Women Rise Ranks and Lead Troops in These Inspiring Films
In Hollywood, men have been wielding guns and fighting wars for what seems like forever. And for most of America's history, those movies were simply reflecting reality: the military was exclusive to men.
Even after women were allowed to enlist, they were relegated to peripheral roles and capped at 2 percent. It wasn't until 1967 that President Johnson lifted the 2 percent rule, and it took until 2013 for the Pentagon to remove an official ban on women in combat.
Movies have justly accompanied this increased acceptance for women in the military, both in fictional stories and documentaries. From Demi Moore in "G.I. Jane" to Kristen Stewart's role as a soldier at Gitmo, to Naomi Watts as CIA agent Valerie Plame in "Fair Game," these actors and films show that women deserve an equal place in the military. Meet some incredible warriors — many based on true stories — by clicking through the gallery above.

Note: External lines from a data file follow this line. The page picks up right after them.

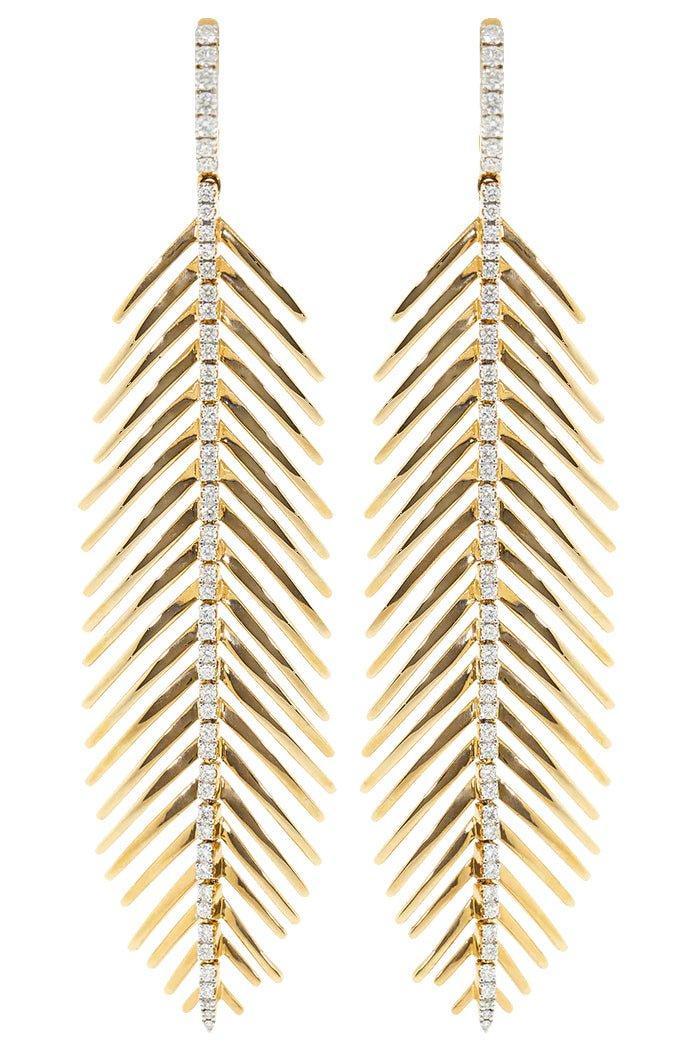 SIDNEY GARBER-Feathers That Move Diamond Spine Earrings-ROSE GOLD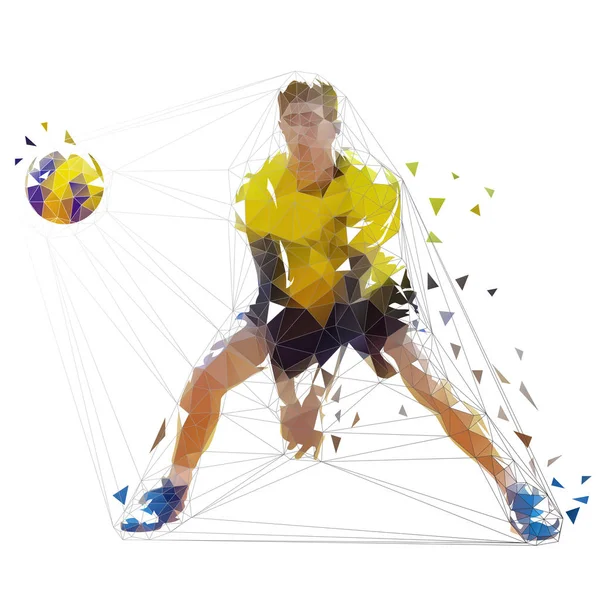 Joueur Volleyball Illustration Vectorielle Géométrique Isolée Athlète Sport Équipe Basse — Image vectorielle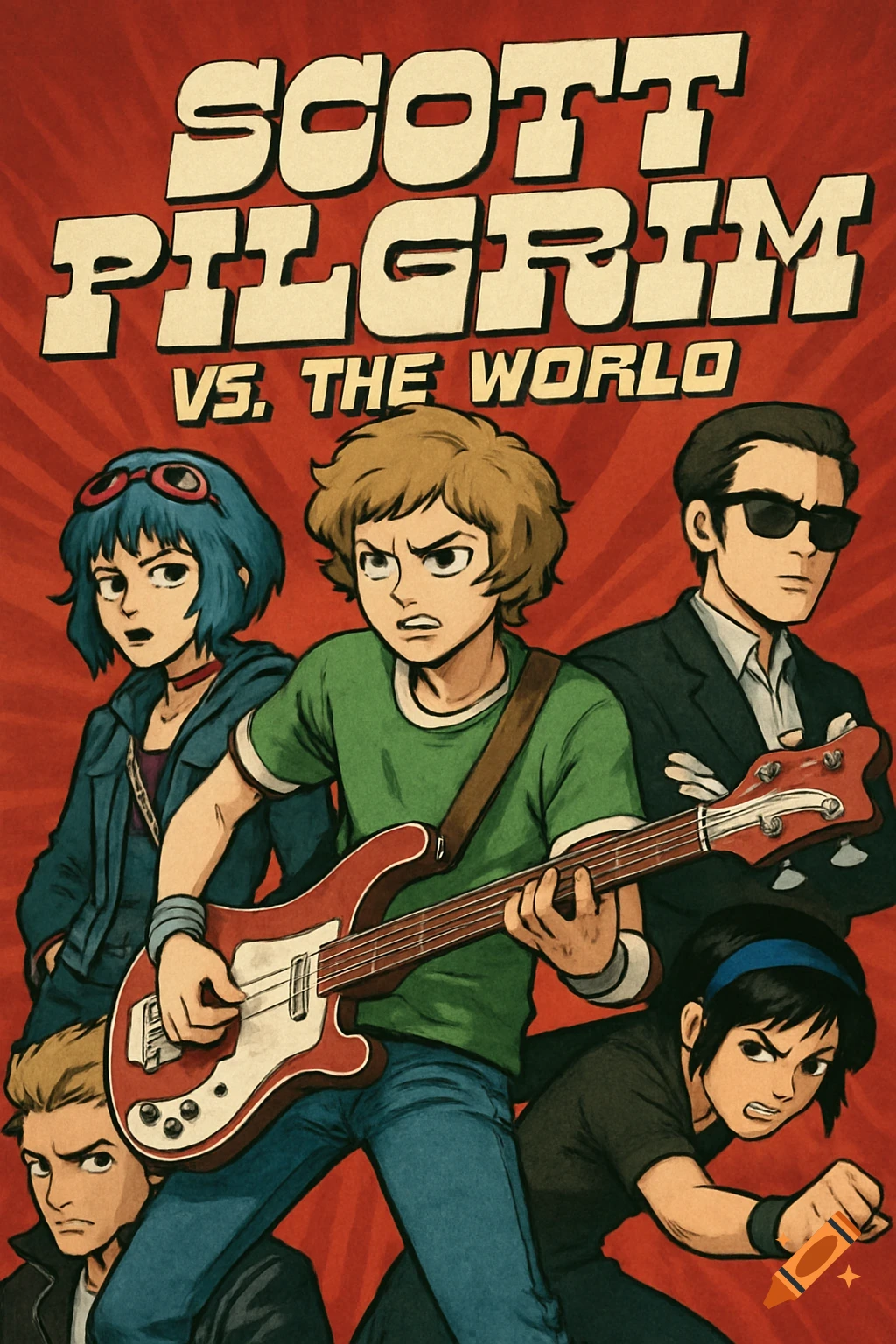 Comic book style poster for Scott Pilgrim vs. The World, featuring Scott Pilgrim playing a bass guitar surrounded by other characters on a red background.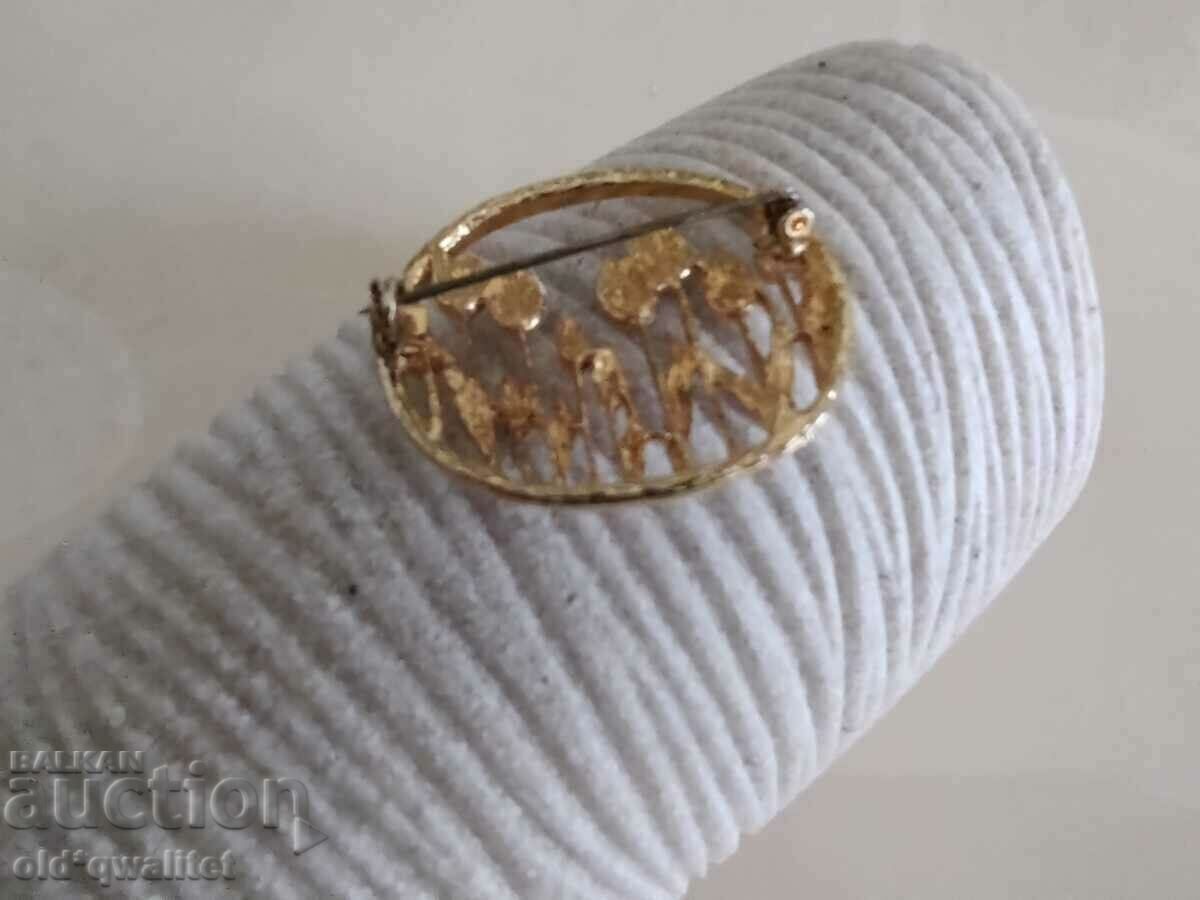 Auction BROOCH - flowers, enamel, very interesting, 60s-70s Auction BROOCH - flowers, enamel, very interesting, 60s-70s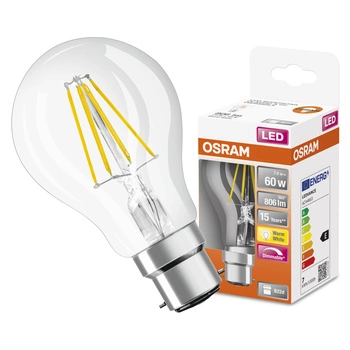 LED žárovka A60 B22d 7W = 60W 806lm 2700K Warm 300° Dimmable Retrofit Filament CLASSIC Osram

"Zero Dark Thirty" tells the story of the team who worked to find and eliminate Osama bin Laden. Jessica Chastain won a Golden Globe for her performance as Maya Lambert, a CIA officer who spent her career focused on gathering intelligence related to bin Laden.
In Camp X-Ray, Kristen Stewart plays an Army private who guards Guantanamo Bay. The film is based on a real-life temporary detention facility called Camp X-Ray.

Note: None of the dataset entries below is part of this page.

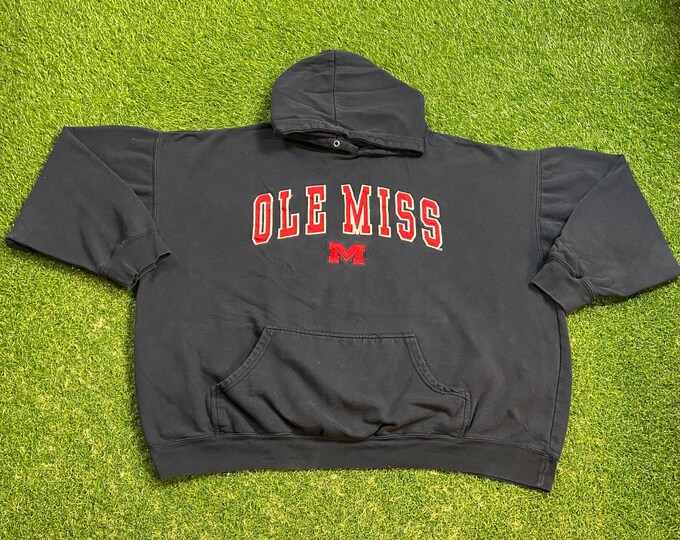 Vintage University of Mississippi Ole Miss Hoodie Sweatshirt Size XXL 2XL NCAA College Football Eli Manning 1990s 90s Pull Over Oversized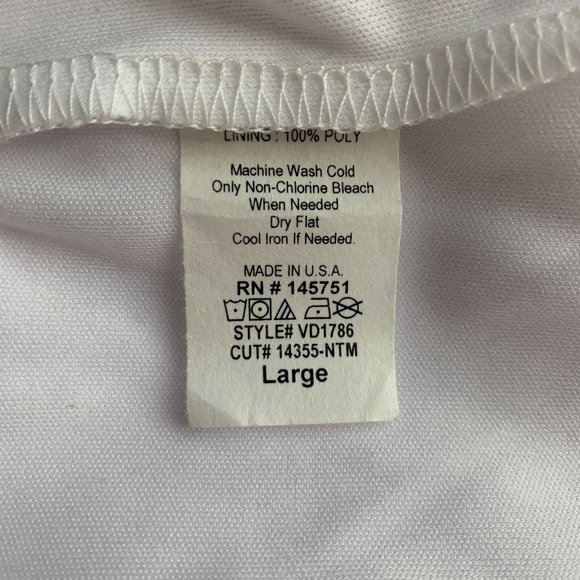 Peach Love NWT Large Dress White Bell Long Sleeves Lined Modest Knee Length - Picture 4 of 8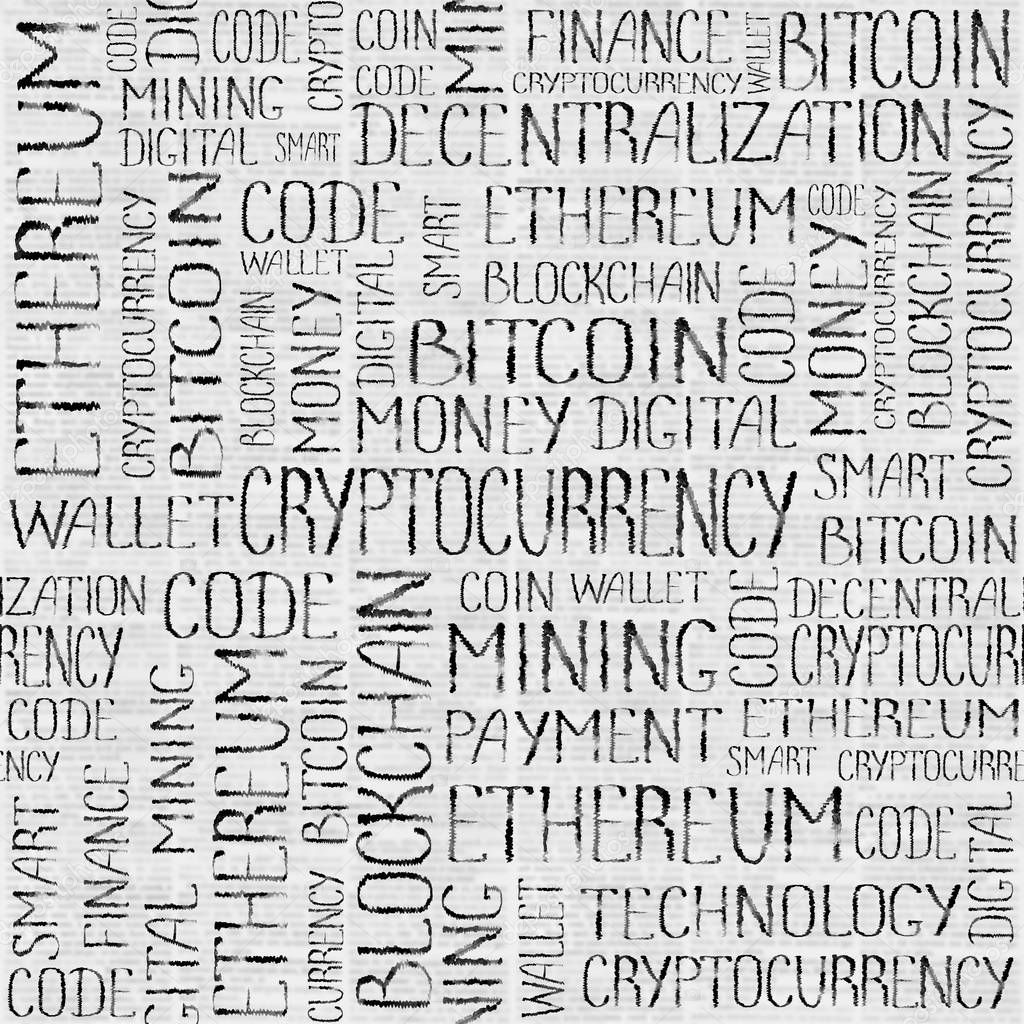 Cryptocurrency concept tag words pattern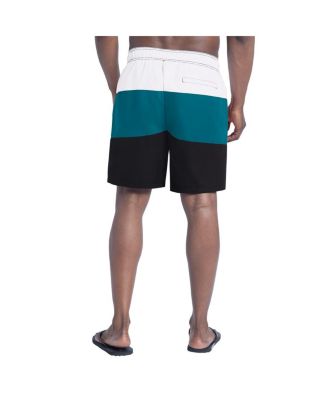 Men's Black/Teal Jacksonville Jaguars Sunrise Volley Swim Shorts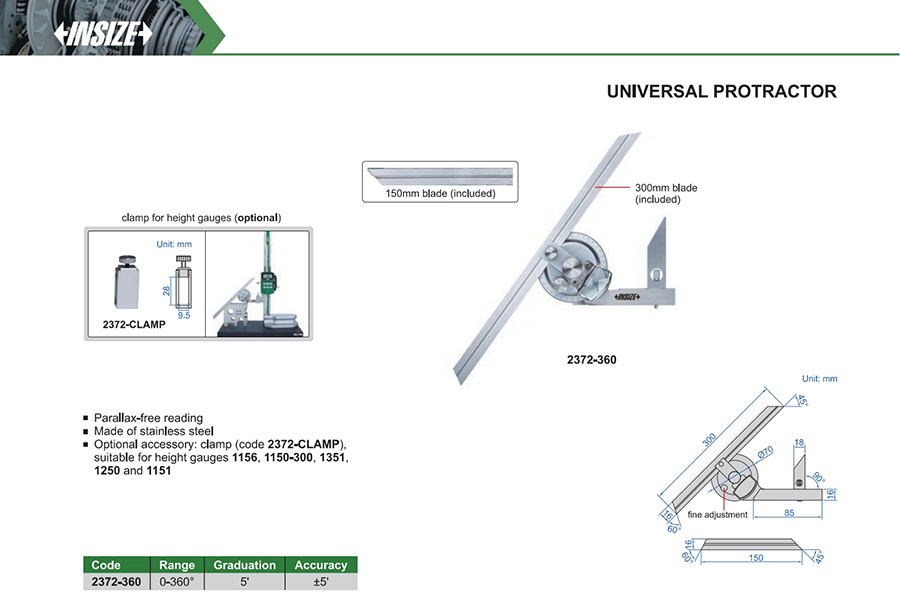 INSIZE 2372-360 Universal Protractor, 0-360° - photo 2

Demi Moore's character Lieutenant Jordan O'Neil undertook intense physical trials to prove her ability to join the (fictional) U.S. Navy Combined Reconnaissance Team — similar to the real-life Navy Seals — in "G.I. Jane."

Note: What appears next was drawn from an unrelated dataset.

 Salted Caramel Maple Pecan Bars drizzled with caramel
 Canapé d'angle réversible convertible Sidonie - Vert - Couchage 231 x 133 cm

"Fair Game" details real-life CIA officer Valerie Plame's betrayal by the White House. Naomi Watts portrays the protagonist.
In 2012, Hilary Duff played Kelly Collins, a "teen fashion queen" whose parents send her to military school, where she transforms into Cadet Kelly!
Meg Ryan portrays Army Captain Karen Emma Walden, a pilot of a rescue helicopter in Desert Storm, in 1996's "Courage Under Fire."
After her new husband dies, Judy Benjamin (Goldie Hawn) joins the U.S. Army in the 1980 film "Private Benjamin." While comedic, the film addresses sexual assault, sexism, and communism.
"The Invisible War" addresses sexual assault in the military, and a broken system in which only 8 percent of military sexual assault cases are prosecuted.
In "MAKERS: Women in War," groundbreaking soldiers, nurses, spies, and war correspondents share their stories that shaped the history of women in the military.